EXERCISE REQUIREMENTS ->
Where in the data below does the word "Ruched" appear? Copy every line that has it.

RECORDS TO PROCESS ->
◇ ◇ ◇

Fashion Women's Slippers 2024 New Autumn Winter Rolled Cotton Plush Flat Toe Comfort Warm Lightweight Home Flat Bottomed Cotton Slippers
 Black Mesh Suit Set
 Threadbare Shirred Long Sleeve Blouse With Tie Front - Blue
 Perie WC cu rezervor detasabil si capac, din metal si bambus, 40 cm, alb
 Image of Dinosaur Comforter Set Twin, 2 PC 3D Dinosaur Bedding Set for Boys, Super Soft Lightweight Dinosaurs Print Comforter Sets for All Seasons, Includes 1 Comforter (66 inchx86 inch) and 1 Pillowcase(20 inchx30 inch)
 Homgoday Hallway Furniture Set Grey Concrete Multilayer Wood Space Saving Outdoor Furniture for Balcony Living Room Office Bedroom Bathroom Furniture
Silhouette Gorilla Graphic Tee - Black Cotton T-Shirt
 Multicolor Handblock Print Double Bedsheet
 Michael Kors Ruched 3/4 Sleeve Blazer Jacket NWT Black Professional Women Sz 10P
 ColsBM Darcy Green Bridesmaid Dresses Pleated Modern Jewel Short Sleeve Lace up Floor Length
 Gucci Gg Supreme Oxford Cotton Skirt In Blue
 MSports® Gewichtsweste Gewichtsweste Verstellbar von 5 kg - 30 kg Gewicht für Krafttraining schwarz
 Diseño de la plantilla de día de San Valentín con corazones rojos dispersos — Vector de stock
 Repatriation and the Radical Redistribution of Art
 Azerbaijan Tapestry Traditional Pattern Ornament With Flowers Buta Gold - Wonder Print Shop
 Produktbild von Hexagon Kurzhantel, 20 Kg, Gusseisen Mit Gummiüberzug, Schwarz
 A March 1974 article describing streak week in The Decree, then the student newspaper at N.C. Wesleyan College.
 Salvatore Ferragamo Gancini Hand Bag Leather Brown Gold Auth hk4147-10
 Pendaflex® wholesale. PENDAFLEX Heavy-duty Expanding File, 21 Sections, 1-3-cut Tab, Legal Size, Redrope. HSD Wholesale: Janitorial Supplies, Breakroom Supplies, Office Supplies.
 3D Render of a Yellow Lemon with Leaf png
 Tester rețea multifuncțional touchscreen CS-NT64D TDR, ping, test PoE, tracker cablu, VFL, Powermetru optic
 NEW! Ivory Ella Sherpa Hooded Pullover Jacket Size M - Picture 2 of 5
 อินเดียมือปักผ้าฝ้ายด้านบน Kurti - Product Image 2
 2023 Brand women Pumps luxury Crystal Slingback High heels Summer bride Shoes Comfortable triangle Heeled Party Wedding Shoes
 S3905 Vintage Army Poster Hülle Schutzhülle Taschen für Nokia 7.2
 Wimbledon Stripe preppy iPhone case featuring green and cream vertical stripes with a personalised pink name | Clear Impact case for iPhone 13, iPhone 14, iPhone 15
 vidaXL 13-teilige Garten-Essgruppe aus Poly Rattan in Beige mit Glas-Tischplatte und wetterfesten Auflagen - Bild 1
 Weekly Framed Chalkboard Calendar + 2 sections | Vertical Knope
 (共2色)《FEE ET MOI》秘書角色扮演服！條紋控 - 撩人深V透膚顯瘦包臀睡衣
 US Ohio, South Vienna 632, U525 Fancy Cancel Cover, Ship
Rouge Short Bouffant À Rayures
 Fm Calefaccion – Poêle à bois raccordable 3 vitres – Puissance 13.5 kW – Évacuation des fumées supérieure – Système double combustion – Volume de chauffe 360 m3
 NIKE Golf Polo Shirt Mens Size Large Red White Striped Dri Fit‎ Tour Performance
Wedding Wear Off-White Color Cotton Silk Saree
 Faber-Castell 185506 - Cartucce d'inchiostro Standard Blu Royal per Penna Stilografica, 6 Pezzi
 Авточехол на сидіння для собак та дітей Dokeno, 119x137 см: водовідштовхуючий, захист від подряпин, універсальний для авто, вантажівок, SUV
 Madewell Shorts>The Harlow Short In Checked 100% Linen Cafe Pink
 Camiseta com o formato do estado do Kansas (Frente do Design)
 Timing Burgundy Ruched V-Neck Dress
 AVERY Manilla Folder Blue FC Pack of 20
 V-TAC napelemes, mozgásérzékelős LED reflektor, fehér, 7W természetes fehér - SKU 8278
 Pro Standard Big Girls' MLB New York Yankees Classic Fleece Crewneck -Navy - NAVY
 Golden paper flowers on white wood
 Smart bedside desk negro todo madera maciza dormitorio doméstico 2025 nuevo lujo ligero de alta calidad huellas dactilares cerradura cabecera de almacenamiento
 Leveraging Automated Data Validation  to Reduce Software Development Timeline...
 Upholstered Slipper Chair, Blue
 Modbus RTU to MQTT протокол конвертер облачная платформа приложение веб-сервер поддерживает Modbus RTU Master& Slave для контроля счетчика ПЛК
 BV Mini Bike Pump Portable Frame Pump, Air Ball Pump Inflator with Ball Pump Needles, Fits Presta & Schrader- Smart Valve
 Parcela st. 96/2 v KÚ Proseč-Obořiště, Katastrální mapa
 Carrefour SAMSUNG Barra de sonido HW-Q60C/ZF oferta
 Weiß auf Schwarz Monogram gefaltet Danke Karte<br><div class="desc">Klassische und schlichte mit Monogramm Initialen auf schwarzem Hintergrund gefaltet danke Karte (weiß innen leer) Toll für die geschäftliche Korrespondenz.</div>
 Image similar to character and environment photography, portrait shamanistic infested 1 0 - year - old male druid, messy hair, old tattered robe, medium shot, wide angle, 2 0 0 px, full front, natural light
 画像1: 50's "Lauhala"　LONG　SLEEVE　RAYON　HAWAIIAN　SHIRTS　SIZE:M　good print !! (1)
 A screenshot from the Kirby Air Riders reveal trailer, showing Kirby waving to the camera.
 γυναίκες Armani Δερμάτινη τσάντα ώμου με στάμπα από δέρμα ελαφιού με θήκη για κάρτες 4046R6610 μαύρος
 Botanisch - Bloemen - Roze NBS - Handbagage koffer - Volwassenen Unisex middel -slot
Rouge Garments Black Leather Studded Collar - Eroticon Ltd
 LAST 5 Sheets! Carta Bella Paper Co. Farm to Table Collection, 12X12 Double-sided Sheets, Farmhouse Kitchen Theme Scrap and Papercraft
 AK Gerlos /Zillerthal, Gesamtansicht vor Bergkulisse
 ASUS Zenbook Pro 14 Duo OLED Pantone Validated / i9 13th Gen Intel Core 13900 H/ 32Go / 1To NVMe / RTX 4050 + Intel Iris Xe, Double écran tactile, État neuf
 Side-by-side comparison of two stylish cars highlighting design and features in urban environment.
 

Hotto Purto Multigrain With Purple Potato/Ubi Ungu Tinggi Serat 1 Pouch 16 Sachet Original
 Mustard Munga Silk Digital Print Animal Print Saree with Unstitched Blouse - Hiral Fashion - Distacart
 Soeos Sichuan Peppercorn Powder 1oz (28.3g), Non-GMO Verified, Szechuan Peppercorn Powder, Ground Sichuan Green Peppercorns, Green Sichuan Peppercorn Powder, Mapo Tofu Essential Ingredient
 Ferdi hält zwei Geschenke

◇ ◇ ◇

SOLUTION TO THE EXERCISE ->
 Michael Kors Ruched 3/4 Sleeve Blazer Jacket NWT Black Professional Women Sz 10P
 Timing Burgundy Ruched V-Neck Dress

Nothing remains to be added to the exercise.